Visitors can even walk away with a piece of their own. The framed works can be purchased for $20 each, with the proceeds earmarked for Superior High School art department field trips. The kicker is, the buyer won’t know what painting they got until it arrives at their door. They must blind-pick a number without knowing which piece of art it matches.
“I’m going to bring 20 bucks; I want to be a part of it,” said Superior High School art teacher Denise Carlson, who also contributed a painting to the show. “It’s thrilling to think about.”
Many people can’t afford an original piece of artwork, said Suzanne Johnson. They can at this show.

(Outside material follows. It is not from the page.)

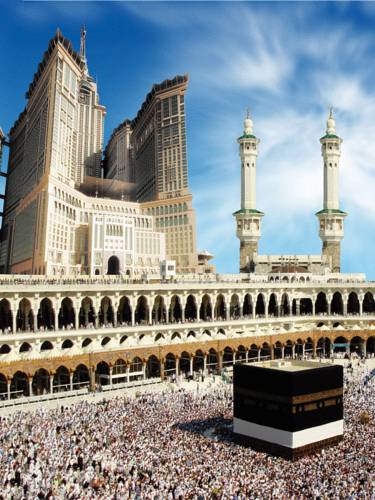 October Umrah Packages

“And for $20, I think that’s a great deal,” Addy Johnson said. “We have some extremely talented artists.” Contributors include professionals like Erik Pearson and Sterling Rathsack, art teachers and students stretching their artistic wings.
“These kids are actually quite talented,” Addy Johnson said. “They make some pretty incredible things.”

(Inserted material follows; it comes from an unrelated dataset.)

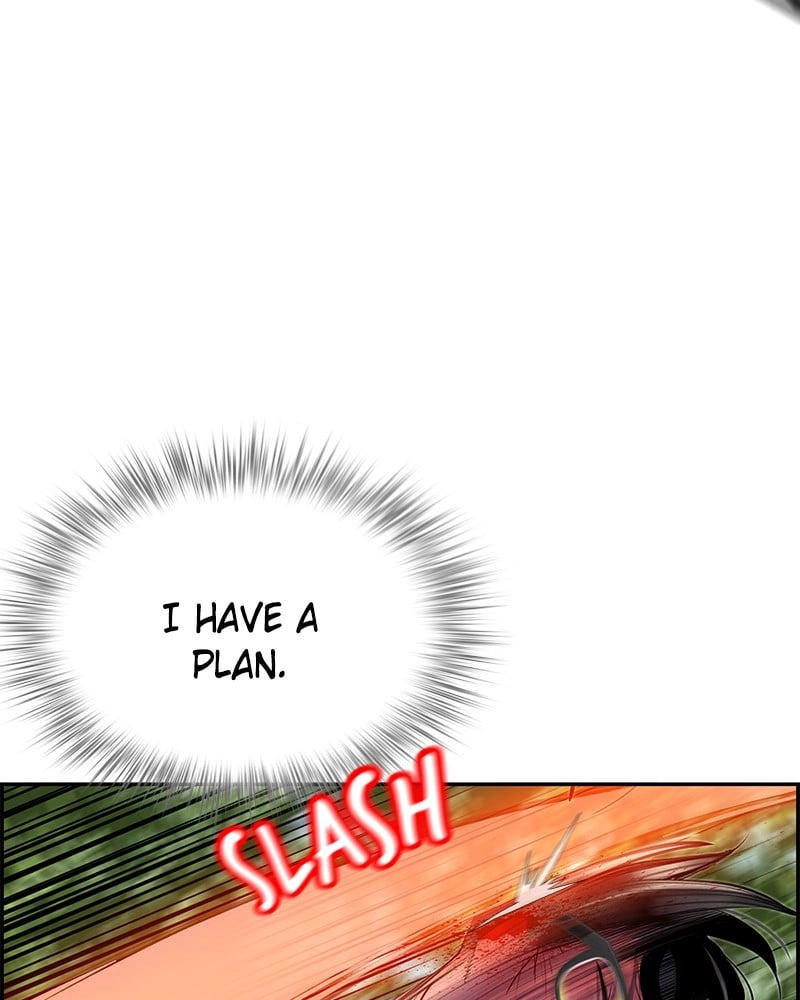Jungle Juice Chapter 10, page 138 of 156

The art show is the teen’s senior project. Every Superior High School senior must complete a senior project to graduate.
“I wanted to do something art related because I want to go on to an art school or something art-related later on in life,” Addy Johnson said.
Carlson brought the idea up, patterning it in part on last summer’s successful student art show. Only this time, the work will be for sale.
“Suzanne really wanted it to benefit the SHS field trip fund because currently we have to scrape together money for field trips,” Carlson said. Using grants and gifts, they bus about 75 students to Minneapolis and Duluth sites on alternating years. In addition to experiencing real-life art, guides taught them about the background of the artists themselves.
“This year I went to Minneapolis,” Addy Johnson said. “We went to the art institute and the museum and it was wonderful.”
The approximately $2,000 raised from the art show would cover field trip expenses for a year.
The call for young artists went out in April. Alumni were recruited online. The squares of Masonite were salvaged from high school projects and cut into standard size by industrial technology students before the school year ended. Duluth Timber Company donated wood for the frames, which were made by Carlson and her father, Phillip.
Addy Johnson said it’s been more fun than work to put the show together. She encouraged everyone to stop by Red Mug to see the work and take a gamble by purchasing a piece.
“If you enjoy art, you will enjoy this,” she said.
Artwork can be purchased during Red Mug’s normal business hours as long as there are slots available.
“I suspect they’ll be gone soon,” Suzanne Johnson said.